■ **Aim of the exercise**
An exact reproduction of the data below is expected, free of images.

■ **Collected material**
######

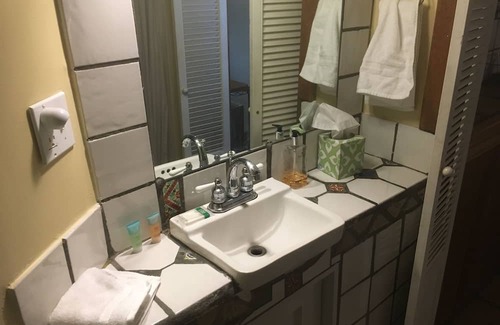 Ravenna Cabaña | Willow Creek Cabin Secluded Guesthouse, Wooded lot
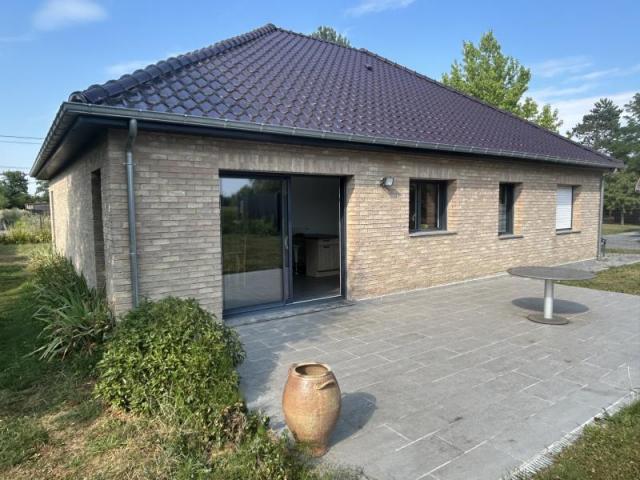 Plain-pied individuel achevé en 2014 développant 110,85m2 et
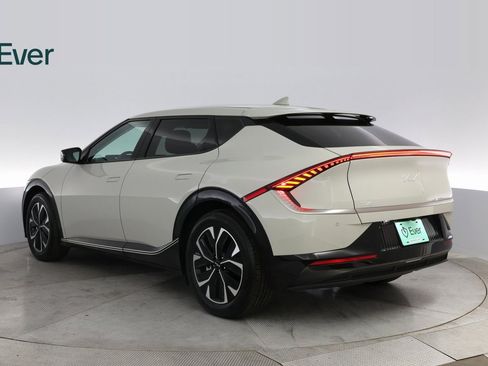 Used 2024 Kia EV6 Wind image 14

######

■ **Answer to this exercise**
 Ravenna Cabaña | Willow Creek Cabin Secluded Guesthouse, Wooded lot
 Plain-pied individuel achevé en 2014 développant 110,85m2 et
 Used 2024 Kia EV6 Wind image 14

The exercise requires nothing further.